Report of the PNEU Meeting

Report of the PNEU Meeting

The Parents’ Review, 1926, pp. 250–251

The Chairman raised some interesting points. It had struck him, in listening to Mr. Glover’s paper, that possibly there was at present too great a tendency to teach children to become critics of the arts rather than votaries. As regards Nature Study, he found there was often a difficulty in interesting country children in Nature. He hoped that Mr. Household would give his experience on this point.

Miss Pennethorne, the  Organising Secretary of the P.N.E.U., agreed with the Chairman that analysis of the arts might be pushed too far; she instanced the reading of Shakespeare with many notes. This sort of thing tended to injure a child’s innate powers of perception.

Mr. H. W. Household, Director of Education for the County of Gloucestershire, felt that the question was not so much How to interest children in Nature Study, but How to interest them in all the subjects of the curriculum. If one was to follow the Parents’ Union School programme with success, one must realise that underlying them there was a complete philosophy of education; one could not dissociate one subject from another, all were closely inter-related. One sometimes heard a criticism that in geography, for instance, only the human side was dealt with to the exclusion of the scientific side. The critic had plainly noted only those books set under Geography—if he had studied the programme as a whole he would have realised that the subject was carried further in the books set under Science, Ancient History, Books of Travel, etc.

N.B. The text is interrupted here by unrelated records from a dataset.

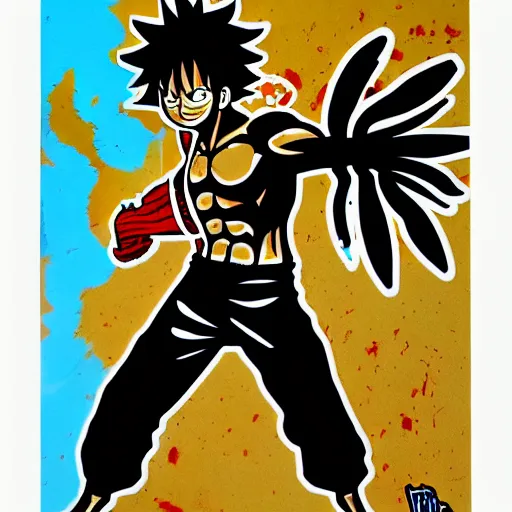 Image similar to die cut sticker, luffy gear 5, splatter paint on paper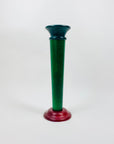 80s Memphis tall wooden candle holder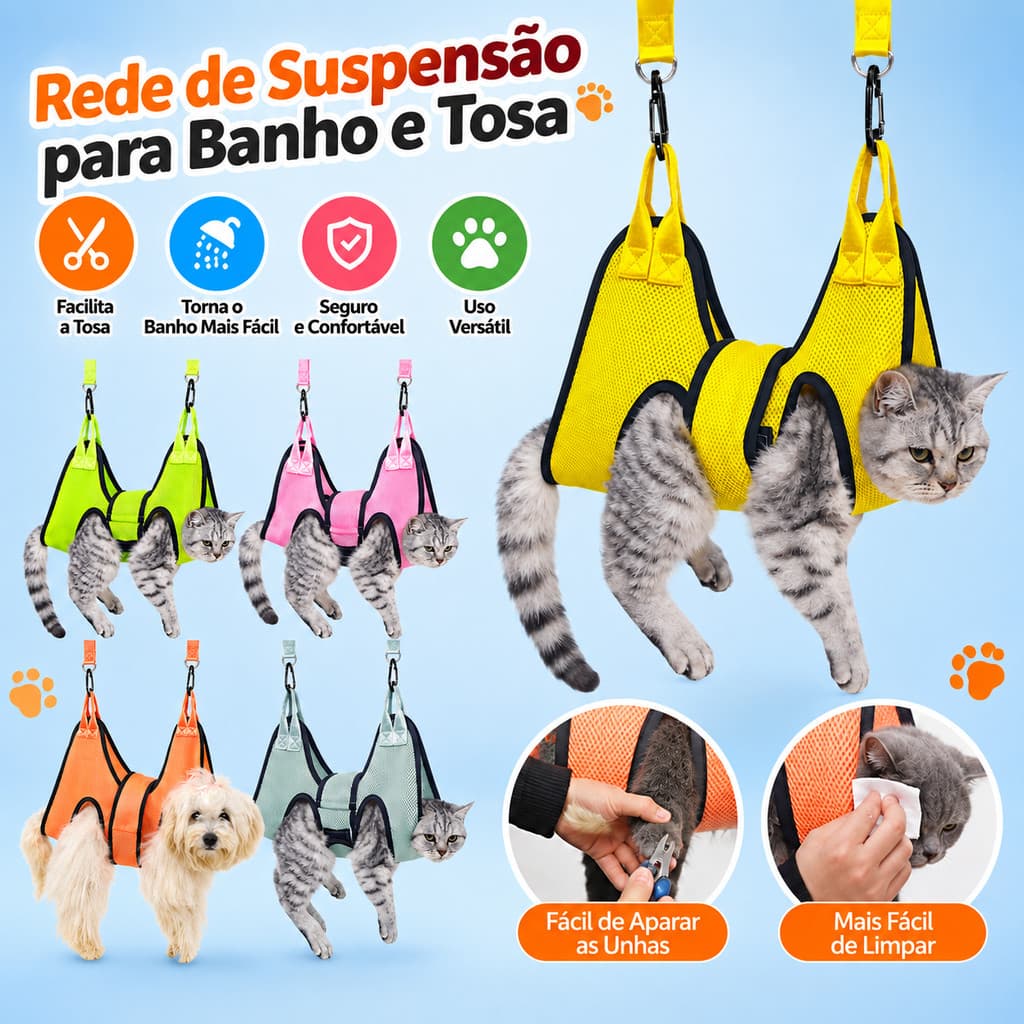 Rede De Contencao E Tosa Para Caes E Gatos Cortar Unha Banho Cuidados Pet Suspensa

Touching on the question of Nature Study, Mr. Household said he often found that teachers, especially those who had just begun, thought that the work was more than they could get through, and Nature Study—a subject about which they themselves knew little—was crowded out. When this was not so, the teacher did not always give the child an opportunity of enjoying the book set and of using his eyes.

Mr. Household warned those who had lately started the work that their first year would be a very hard one and full of disappointments. He urged them to have faith in the children, and not to “explain.” The more they did this, the less opportunity the child would have of doing something for himself. A teacher starting with elder children not brought up on the methods, might find them slow to narrate and doing it badly. If he had not faith, he would shorten the passages until perhaps the child was never narrating a complete whole—merely a few words for which a slight effort of memory was all that was required. One did not want memory in this connection but concentration—a making of the passage one’s own, and with patience and faith this could be achieved.

Miss Wright (Ash C of E. School, Kent), spoke of the good effect the methods had had on the two very different types of children in her school—children of hop and fruit-pickers and those of agricultural labourers.

Mr. Cowan (Director of Education, County of Southampton), spoke of the influence of Miss Mason’s ideals in his schools. Speaking of æsthetics in school, he thought that there was a danger of the teacher coming between the child and beauty, as he sometimes did between the child and the book. He knew of children who disliked Nature entirely through the way they had been shown how to love Nature. He hoped that the day would come when children would be turned out from school with material for building up fine standards and values in after life.